ICO publishes steps for organisations to protect against AI-powered cyber threats
The ICO Interim Executive Director for Regulatory Supervision published a blog on five practical steps that can be taken to strengthen resilience against AI-powered threats:
- Knowing what organisations are up against, understanding the range of potential threats and referencing guidance such as the National Cyber Security Centre's Cyber Assessment Framework.
- Getting the basics rights and layering defences, such as multiple controls.
- Restricting access points, including the implementation of multi-factor authentication on all remote access, admin accounts and emails.
- Improving incident detection and incident response through measures such as maintaining and testing an incident response plan, and the implementation of comprehensive security monitoring.
- Protecting personal data through appropriate measures such as data minimisation, data audits, staff awareness and AI governance.
Government encourages businesses to sign Cyber Resilience Pledge
Following its announcement in April, DSIT has reiterated the importance of businesses of the actions that can be taken by organisations to improve their cyber security:
- Make cyber security a boardroom priority, using the Cyber Governance Code of Practice as part of this.
- Use the Cyber Essentials government-backed certification scheme to protect against common attacks and embed the same requirements across supply chains.
- Following the National Cyber Security Centre and signing up for the free Early Warning Service.
NCSC warns of vulnerability patch wave
The National Cyber Security Centre has highlighted the risk of organisations' 'technical debt', backlog of technical issues resulting from the lower priority given to building resilient products.

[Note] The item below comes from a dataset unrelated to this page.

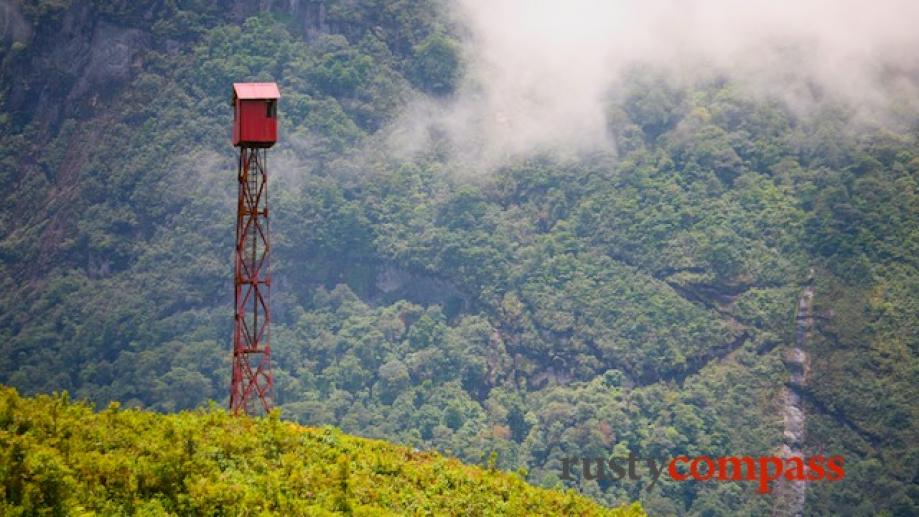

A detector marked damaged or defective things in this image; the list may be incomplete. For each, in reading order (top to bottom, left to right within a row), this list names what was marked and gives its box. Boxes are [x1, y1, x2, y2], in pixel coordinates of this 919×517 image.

rusty red metal frame [230, 145, 274, 416]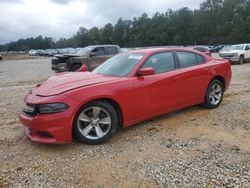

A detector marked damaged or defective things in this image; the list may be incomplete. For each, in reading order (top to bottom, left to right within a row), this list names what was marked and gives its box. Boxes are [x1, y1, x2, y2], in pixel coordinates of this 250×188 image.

damaged red car [18, 48, 231, 144]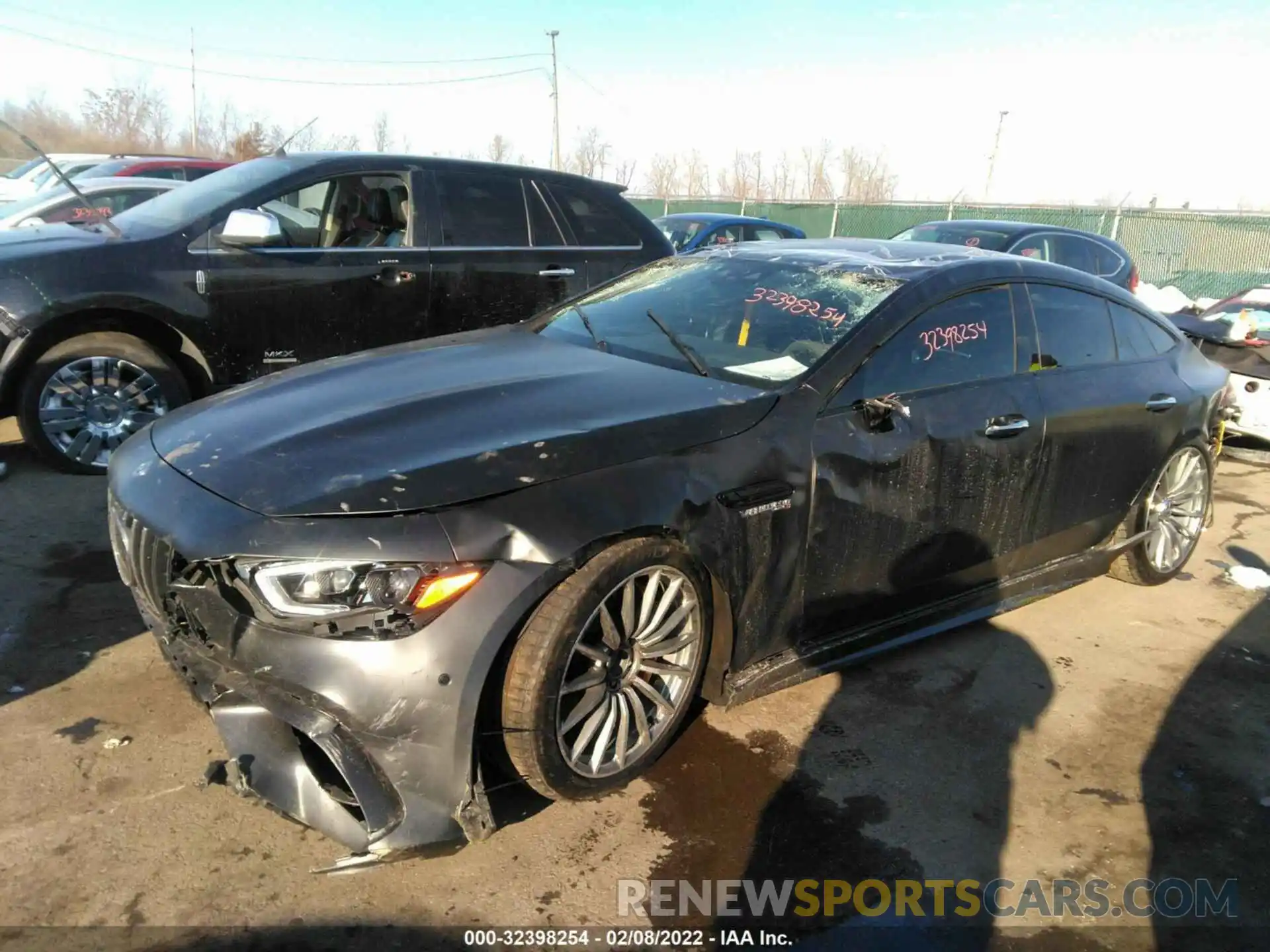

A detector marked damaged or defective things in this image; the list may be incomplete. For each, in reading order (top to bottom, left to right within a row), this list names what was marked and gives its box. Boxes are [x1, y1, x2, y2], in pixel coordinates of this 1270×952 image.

The NCSC has highlighted that the use of AI can exploit this debt.
As a result, the NCSC has warned all organisations of a forced correction, requiring a 'patch wave', a rush of software updates that will need to be applied to address new vulnerabilities.
The NCSC has recommended a number of steps, including an 'update by default' policy where software updates are prioritised as soon as possible, and ideally automatically. The NCSC commentary can be accessed here.
UK and Australia agree pact to tackle AI security risks
The UK and Australia have agreed deeper ties to tackle AI-related security risks, strengthening ties between the UK AI Security Institute and the Australian AI Safety Institute.
As part of a new Memorandum of Understanding, the organisations will work together to track the latest developments in frontier AI, including how those systems could be used in cyber-attacks. The countries will conduct research into emerging risks and develop international best practice for testing and evaluating AI systems. The press release announcing the pact can be found here.